Ciudad de México.- La fase de reclasificación de la Liga Mx, en el último torneo previo a la Copa del Mundo en Qatar, se jugará sábado y domingo a un partido, con un único criterio de desempate: los penales. Después del cierre de la fase regular, directivos de los clubes participantes acordaron que la actividad inicie con el Tigres (5°) contra Necaxa (12°), la noche del 8 de octubre en el estadio Universitario a las 19 horas, y continúe más tarde en el Azteca, a las 21:15, cuando se enfrenten Cruz Azul (7°) y León (10°).

Un día después, en su horario habitual de las 12 horas, Toluca (6°) chocará con los Bravos de Juárez (11°) en el Nemesio Diez, mientras Puebla (8°) y Guadalajara (9°), a las 16:30, se encontrarán en el Cuauh-témoc para definir el boleto restante a la liguilla.

De acuerdo con su posición final en la tabla, los ganadores conocerán a sus siguientes rivales ya calificados, que bien pueden ser Pachuca, Santos, Monterrey o el líder América.

Mientras las miradas se centran en las cuatro llaves, entrenadores como Andrés Lillini esperan respuesta de su directiva para conocer lo que deparará el futuro.

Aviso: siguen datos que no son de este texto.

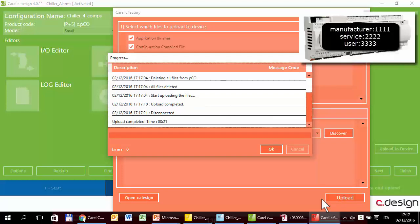You have to switch off and switch on the controller in order for it to use the new configuration.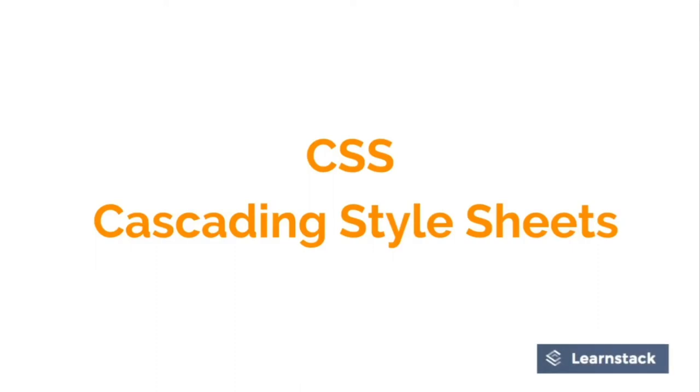Hello guys, up until now we had a basic introduction of CSS and we used a few CSS properties. In this video we will be covering some more CSS properties. So let's head back to Sublime Text.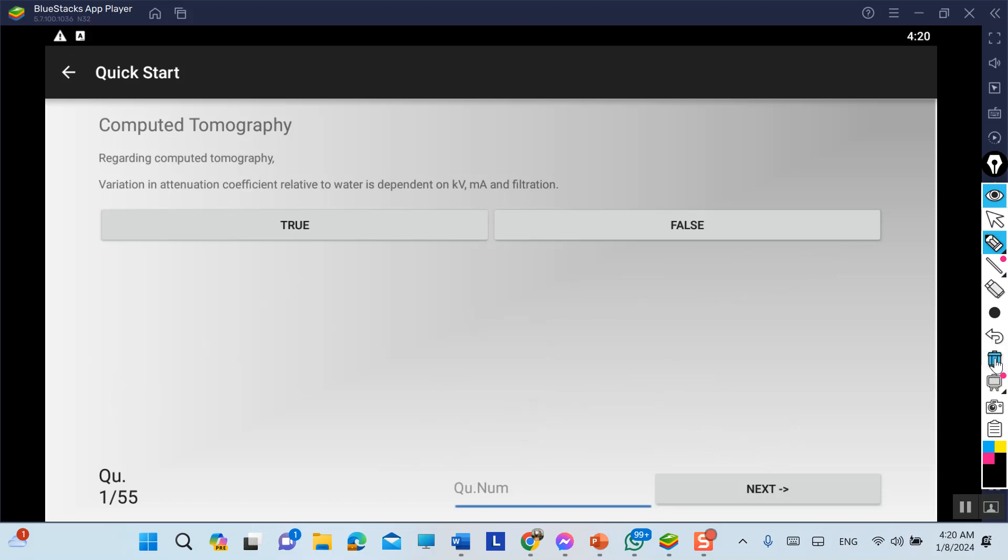By this explanation, variation in attenuation coefficient relative to water is only dependent on kV and filtration, not mA. So the answer will be false. My answer is correct - it's dependent on kV and filtration, but not mA.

El argentino se reunió ayer en las instalaciones de Cantera con su cuerpo técnico y presentó su balance a los altos mandos de Pumas, a fin de ser evaluado y definir si se mantiene en el cargo para el próximo torneo.

“Nadie me dijo nada todavía”, afirmó a su salida; “tengo contrato por un año más y seguramente nos reuniremos en esta semana, es lo que me dijeron”.

Aunque es pretendido por el Atlas, también eliminado en la fase regular del certamen, Lillini descartó tener contacto con algún otro equipo que no sea el suyo. “Son sólo rumores”, sostuvo con una ligera sonrisa, aunque por otro lado se mostró agradecido de que su nombre aparezca en una lista de candidatos, que fue revelada en días pasados por el presidente de los Zorros, José Riestra.

“No es momento para pensar en eso, sólo vine a armar la pretemporada con el cuerpo técnico”, explicó. Con Pepe (Riestra) hace mucho que no hablo, no lo veo desde la semifinal que nos ganaron. Lo único que tengo en mente es ganar y dejar algo en Pumas”.

En caso de quedarse, el argentino no prevé la llegada de refuerzos al plantel universitario. Por el contrario, y a pesar de terminar en el antepenúltimo lugar con tres derrotas consecutivas, sostuvo que pueden revertir las cosas con el apoyo de sus seguidores.

“Soy lo que soy por los jugadores. Lo que me demuestran personalmente es mucho afecto”, afirmó sin darle lugar a las críticas que circulan en redes sociales por parte de un sector de la afición puma. “Las redes miden con otro termómetro. Estoy muy agradecido con ellos”.

Los jugadores del equipo regresarán de vacaciones el 3 de noviembre, poco antes del inicio del Mundial, aunque desconocen si se rencontrarán con Lillini en Ciudad Universitaria. La última palabra la tendrá su directiva.